The Killings at Badger's Drift
- First edition cover
- Author: Caroline Graham
- Series: Chief Inspector Barnaby series
- Genre: Mystery
- Publisher: Century
- Publication date: 5 November 1987
- Publication place: England
- Media type: Print (Hardcover & Softcover)
- Pages: 264
- ISBN: 978-0-917561-41-2
- OCLC: 15521305
- Followed by: Death of a Hollow Man

= The Killings at Badger's Drift =

Book by Caroline Graham

The Killings at Badger's Drift is a mystery novel by English writer Caroline Graham and published by Century in 1987. The story follows Chief Inspector Tom Barnaby investigating the murder of an elderly spinster in a rural village. It is the first volume in Graham's Chief Inspector Barnaby series, followed by Death of a Hollow Man. In 1997, it was adapted as the pilot of Midsomer Murders, a popular ITV television series based on Graham's books.

==Plot summary==
In the fictional village of Badger's Drift, the elderly Miss Bellringer insists that her friend, Emily Simpson, did not die of a heart attack as her doctor claims, but was in fact murdered. An autopsy soon proves her right, as a mix of red wine and hemlock is found in the dead woman's system. While the village descends into panic, the murderer strikes again, claiming the life of local birdwatcher Iris Rainbird.
As Barnaby investigates, aided by Sergeant Gavin Troy, he uncovers a connection between an older crime and the current killings at Badger's Drift.

==Publication==
- United Kingdom: 1987, Century (imprint of Random House), London, 1987, Hardback, 264 p., ISBN 0-7126-1744-2.
- United States: 1988, Adler & Adler, Bethesda, Maryland, 1988, Hardback, 264 p., ISBN 0-917561-41-4.
- Reprint: 2005, Felony & Mayhem Press, United States, 2005, trade paperback, xiv, 272 p., ISBN 978-1-933397-04-7

==Reception==
Publishers Weekly stated in its review of the novel: "Graham makes the characters humanly believable in her witty and tragic novel, a real winner." Kirkus Reviews noted: "An OK debut, but it might have been spectacular if Graham had focused more on the horticulture or more on the rococo sexual whimsies." In 2019, The Guardian included the novel in its Top 10 golden age detective novels list.

==Awards==
The Killings at Badger's Drift was well received by the mystery community.

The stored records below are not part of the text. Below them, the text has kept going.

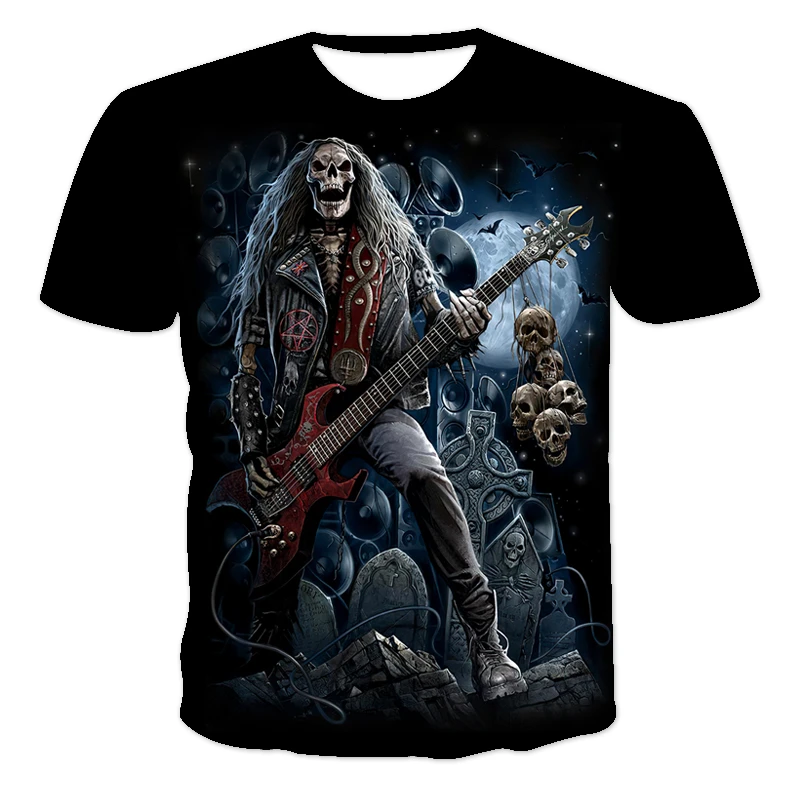 The new summer fashion T-shirt for boys and teenagers is a plus-size streetwear
The new summer fashion T-shirt for boys and teenagers is a plus-size streetwear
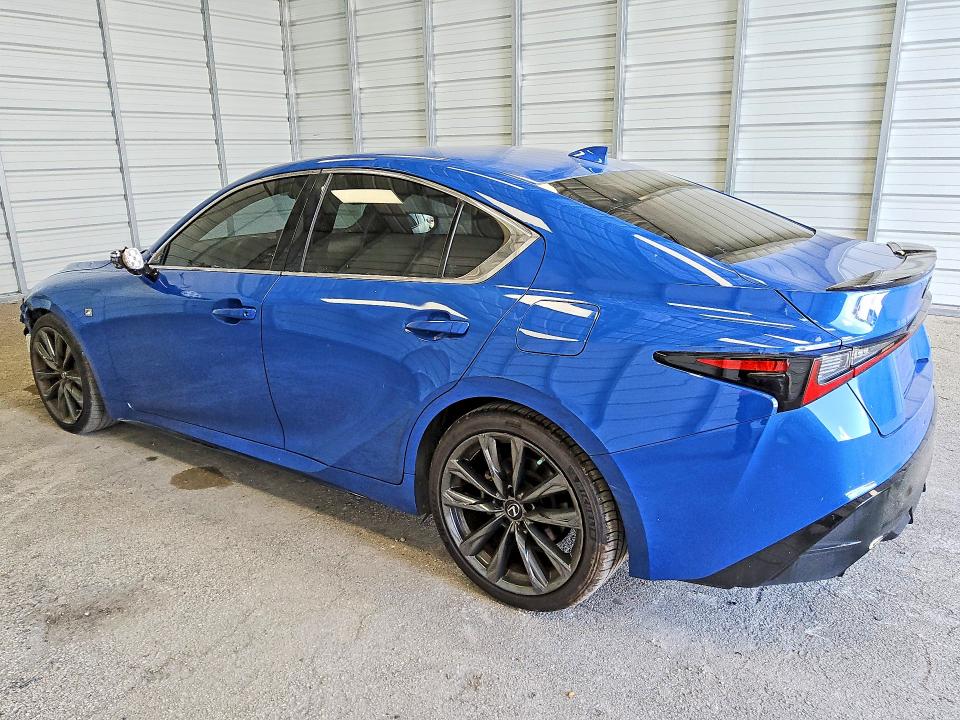 Продаж на аукціоні авто 2022 Lexus Is, vin: JTHGZ1B2XN5056268, номер лоту: 85963965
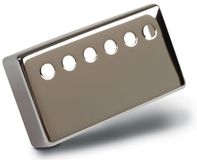 Gibson PRPC-030 Neck Humbucker Cover nikkel - Gitaaronderdeel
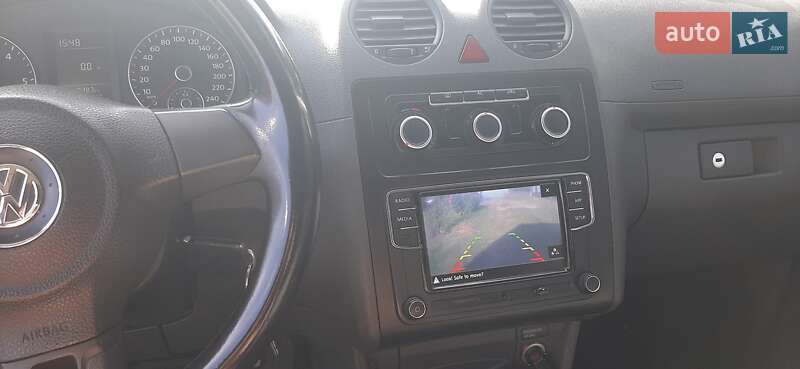 Мінівен Volkswagen Caddy 2011 в Вінниці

It was listed in The Top 100 Crime Novels of All Time, a list published in book form in 1990 by the British-based Crime Writers' Association. It also won the 1989 Macavity Award for "Best First Novel" and was nominated for the same honour at the 1989 Anthony Awards and the 1988 Agatha Awards.

==Television adaptation==
The book was adapted for British television as the first episode of Midsomer Murders, starring John Nettles as DCI Tom Barnaby and Daniel Casey as DS Gavin Troy. Broadcast on 23 March 1997, it was an enormous ratings success when there were only four television channels in the UK. The episode made its debut in the United States on the A&E cable network, with two showings on the night of 28 June 1998. On the screen, Emily Simpson's murder is made more violent. Instead of being poisoned, as in the novel, she is bludgeoned to death.

==Stage adaptation==
A stage adaptation of the story is touring the United Kingdom in 2025 and 2026. Inspector Tom Barnaby is played by Daniel Casey, who previously appeared as Troy in the main show.